The UK's gross domestic product (GDP) was flat in the three months to March, its weakest performance since the end of the last recession in 1992.
The City had expected confirmation of a provisional estimate of meagre 0.1 per cent growth. The revision was due to an unexpected slump in the fortunes of the recently booming business services sector.
Government bonds rose sharply and the pound fell sharply on hopes of a cut in interest rates, possibly next month. The sterling index dropped 0.7 to 103.5.
Sushil Wadhwani, who joins the Monetary Policy Committee next month, told MPs yesterday that sterling was strongly overvalued, and would probably decline in the next 18 months. He said the competitiveness of sterling had deteriorated by over 35 per cent since 1995, making it "nearly as uncompetitive as in the dark days of 1981".
Mr Wadhwani could hold the swing vote at next month's interest rate meeting, as the other eight members were split down the middle this month.

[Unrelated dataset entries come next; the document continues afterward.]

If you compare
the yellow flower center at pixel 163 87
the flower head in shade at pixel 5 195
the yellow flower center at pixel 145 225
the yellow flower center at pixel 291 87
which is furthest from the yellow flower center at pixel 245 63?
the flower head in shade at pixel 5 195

Economists are divided over whether interest rates have reached their trough. The economy expanded 0.6 per cent year on year, a revision from a 0.7 per cent estimate and the lowest since autumn 1992, the Office for National Statistics (ONS) said. The Treasury, meanwhile, remained confident the economy will meet the Government's target of 1 per cent growth in 1999.
"We have historically low inflation, historically high numbers of people in work," a spokesman said. "Consumers and businesses are optimistic about the future."